━━━━━ RECORD EXTRACTS ━━━━━

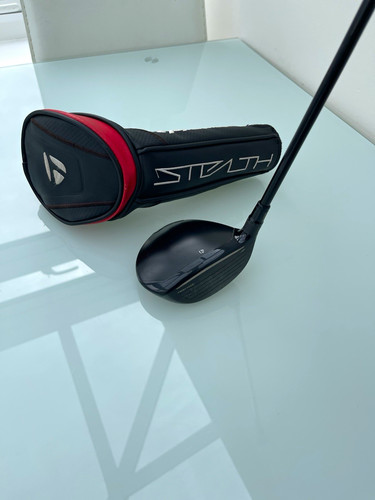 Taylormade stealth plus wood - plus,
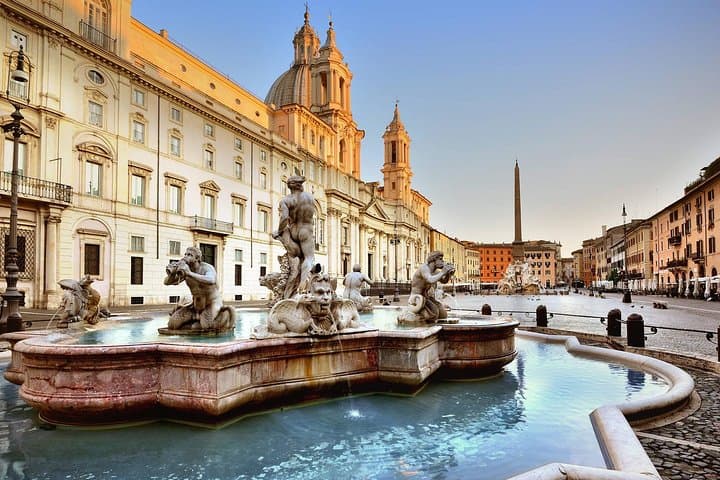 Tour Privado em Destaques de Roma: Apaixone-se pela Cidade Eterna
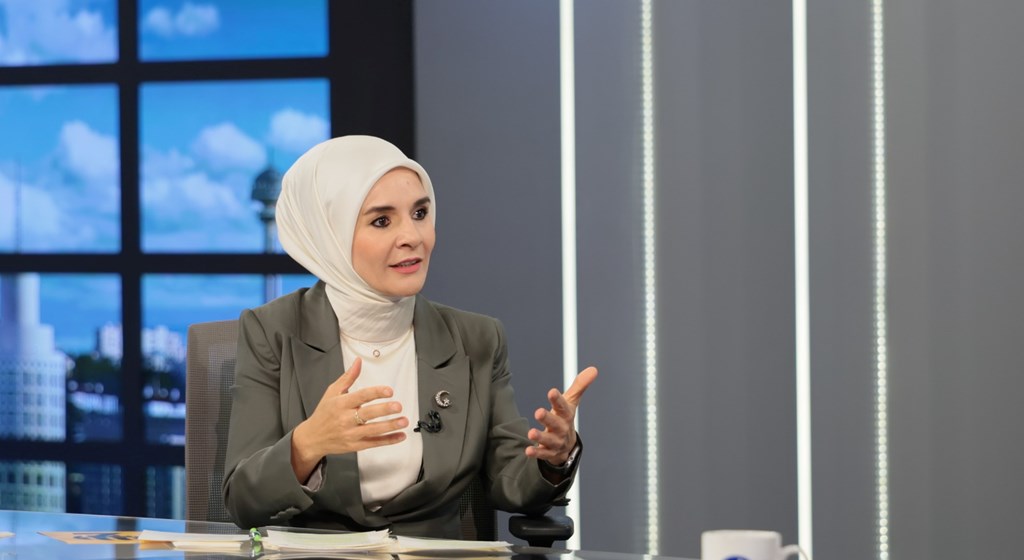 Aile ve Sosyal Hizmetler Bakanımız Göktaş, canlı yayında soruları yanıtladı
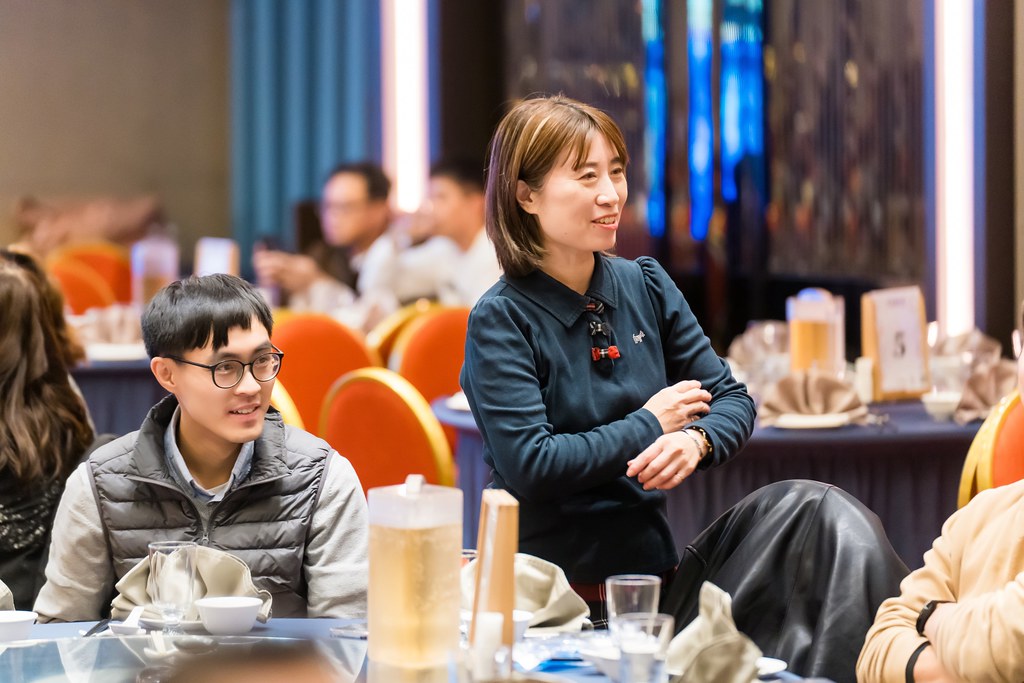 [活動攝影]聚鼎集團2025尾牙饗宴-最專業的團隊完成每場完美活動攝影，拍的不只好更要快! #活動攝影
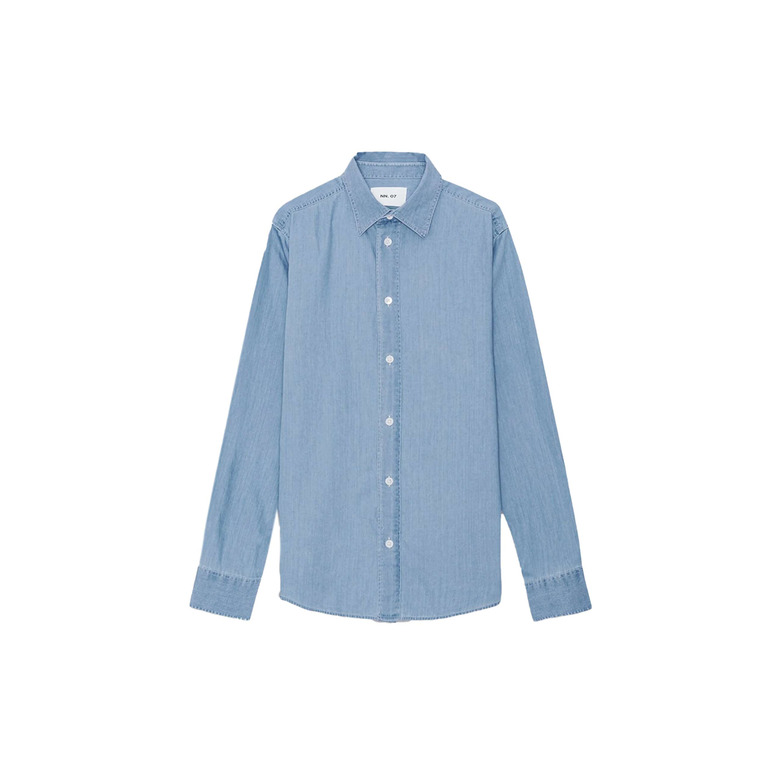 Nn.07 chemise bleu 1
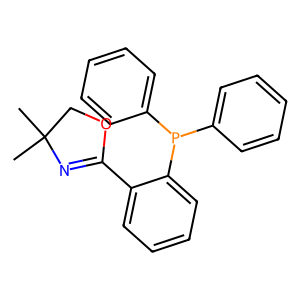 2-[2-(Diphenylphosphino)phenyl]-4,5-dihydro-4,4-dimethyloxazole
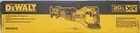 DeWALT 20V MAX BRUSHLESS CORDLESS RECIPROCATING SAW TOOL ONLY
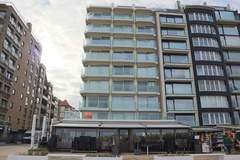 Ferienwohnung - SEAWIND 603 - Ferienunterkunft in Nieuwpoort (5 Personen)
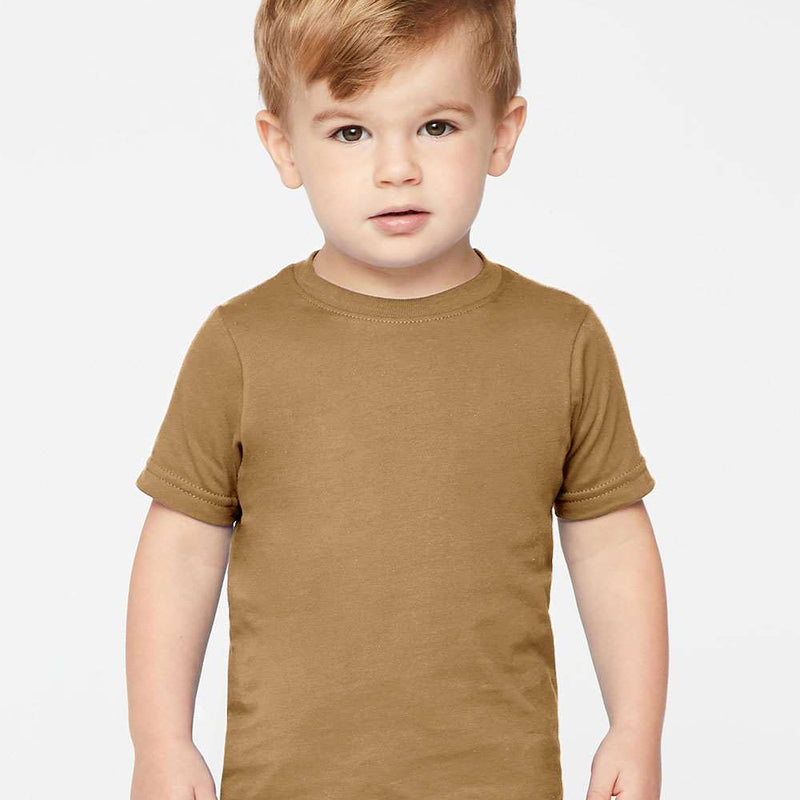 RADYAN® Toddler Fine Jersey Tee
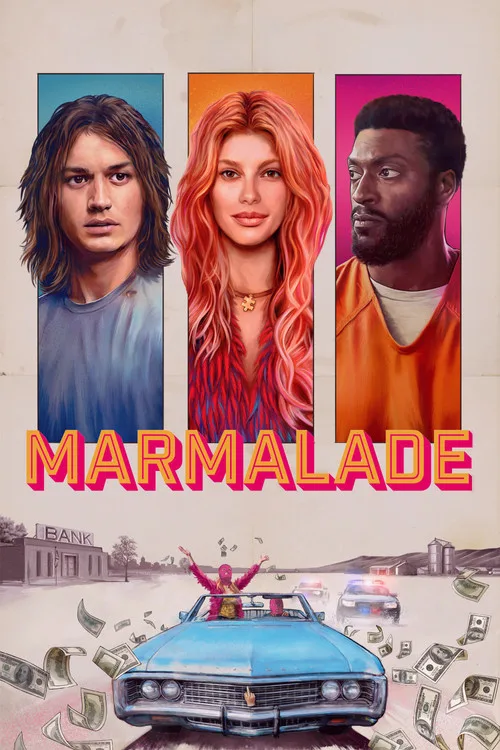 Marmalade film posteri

━━━━━
━━━━━ RECORD EXTRACTS ━━━━━

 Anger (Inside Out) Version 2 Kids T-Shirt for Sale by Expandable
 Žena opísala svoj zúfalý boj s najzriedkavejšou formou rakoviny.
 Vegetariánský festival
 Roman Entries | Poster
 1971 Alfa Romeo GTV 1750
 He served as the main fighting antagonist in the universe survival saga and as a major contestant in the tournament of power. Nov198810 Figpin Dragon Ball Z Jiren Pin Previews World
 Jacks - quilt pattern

━━━━━

ASSIGNED TASK
Would you transcribe the lines above exactly, going from the line bearing "Taylormade stealth plus" through the line bearing "Marmalade film posteri", and drop the pictures from the copy?

OUTPUT
 Taylormade stealth plus wood - plus,
 Tour Privado em Destaques de Roma: Apaixone-se pela Cidade Eterna
 Aile ve Sosyal Hizmetler Bakanımız Göktaş, canlı yayında soruları yanıtladı
 [活動攝影]聚鼎集團2025尾牙饗宴-最專業的團隊完成每場完美活動攝影，拍的不只好更要快! #活動攝影
 Nn.07 chemise bleu 1
 2-[2-(Diphenylphosphino)phenyl]-4,5-dihydro-4,4-dimethyloxazole
 DeWALT 20V MAX BRUSHLESS CORDLESS RECIPROCATING SAW TOOL ONLY
 Ferienwohnung - SEAWIND 603 - Ferienunterkunft in Nieuwpoort (5 Personen)
 RADYAN® Toddler Fine Jersey Tee
 Marmalade film posteri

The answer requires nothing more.